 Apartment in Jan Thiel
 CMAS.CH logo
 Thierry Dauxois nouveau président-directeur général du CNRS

* * *

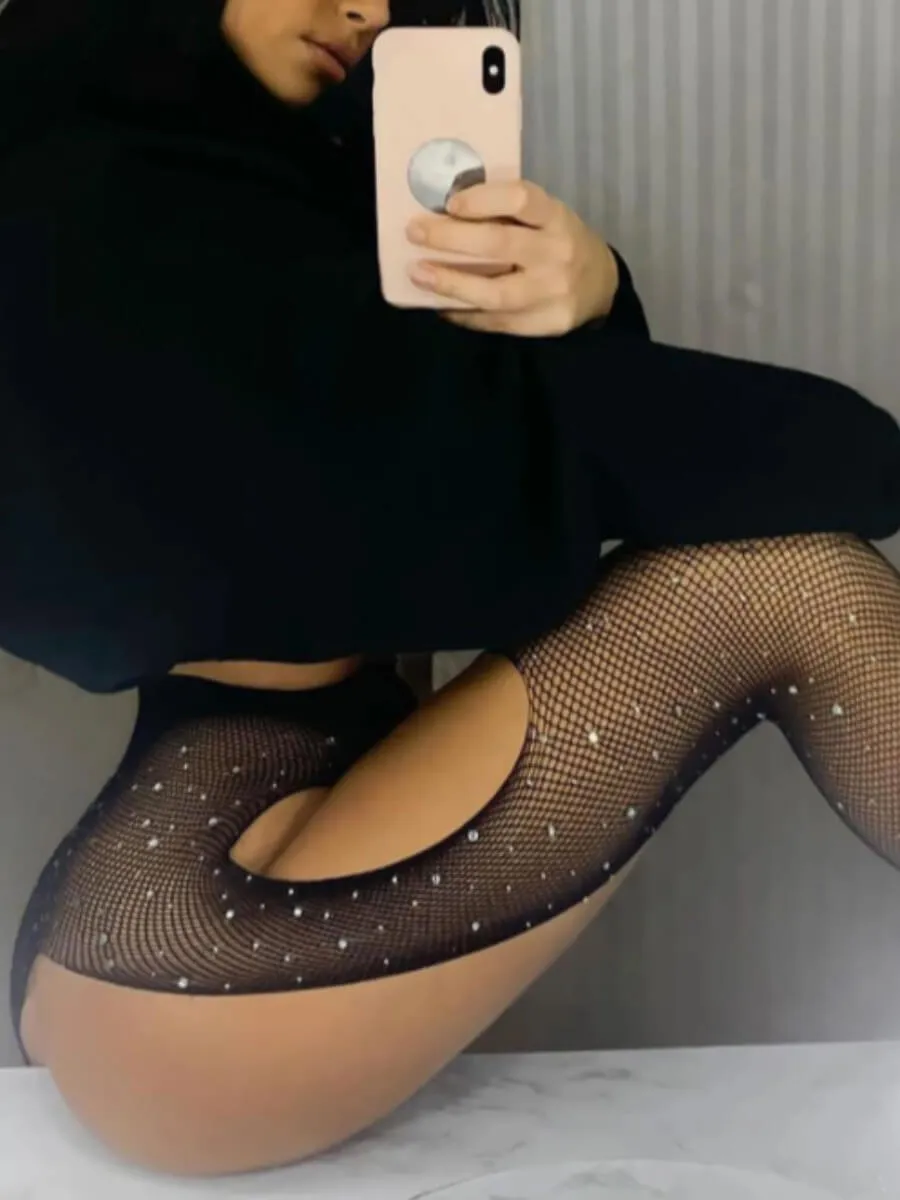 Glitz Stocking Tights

...

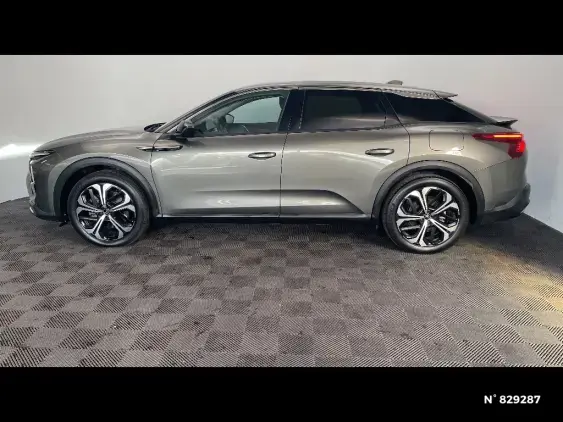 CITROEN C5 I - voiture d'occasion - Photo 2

_Task instructions_
Proceeding from the line containing "Apartment in Jan Thiel" through the line containing "Thierry Dauxois nouveau", transcribe the lines above exactly, both end lines included.

_Output below_
 Apartment in Jan Thiel
 CMAS.CH logo
 Thierry Dauxois nouveau président-directeur général du CNRS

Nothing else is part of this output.